= Obinze =

Town in Imo State, Nigeria

Obinze is a community in southeastern Nigeria, located near the city of Owerri, Imo State under the supervision of Owerri West Local Government Area. The community Obinze had six clans/villages but a clan known as Umuanunu got their own autonomous community and separated. It's known for its fast rise in industrialization due to its location along Owerri-Port-harcourt Road, giving hosts/non-indigents access to the Local government area, State capital and neighbouring state such as Abia State, Anambra state and Rivers State.
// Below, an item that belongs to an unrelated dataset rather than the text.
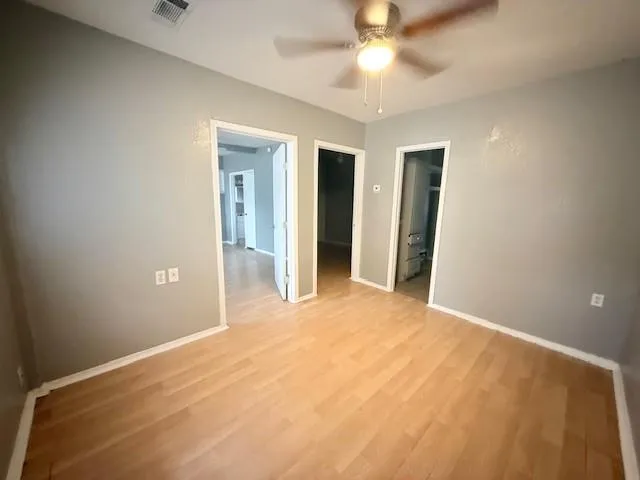 a view of an empty room with a ceiling fan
Obinze shares boundaries with Oforola, Avu, Ihiagwa, Eziobodo, Umuokani, Nekede and Mbirichi etc.

==Clans/villages==
1. Umuagam
2. Obokwu
3. Umekpu
4. Umumeje
5. Umuezoroche

=== Prominent locations in Obinze include ===
1. Headquarters 34 Brigade Nigerian Army, Obinze Barracks Owerri 8 South East
2. Federal University of Technology Owerri (FUTO)
3. Redemption Estate Avu/Obinze
==Investment opportunities==
Many investment opportunities exist in the community including farming, construction, grain mills, transport, and palm produce industry. Also due to its proximity to nearby state such as Rivers State, Anambra State and Abia State, it makes it easier for manufacturer, producers, marketers and distributors to located their factories, industries and warehouse in and around the community

==Technology growth==
The community has invested in its indigenes on technological growth by providing constant training's in ICT programs and capacity building for its populace. Also its about establish a Technological Incubator and Information Management Center "TIIMC" to help building a technological framework and database of the community while providing access to information about the community to the World.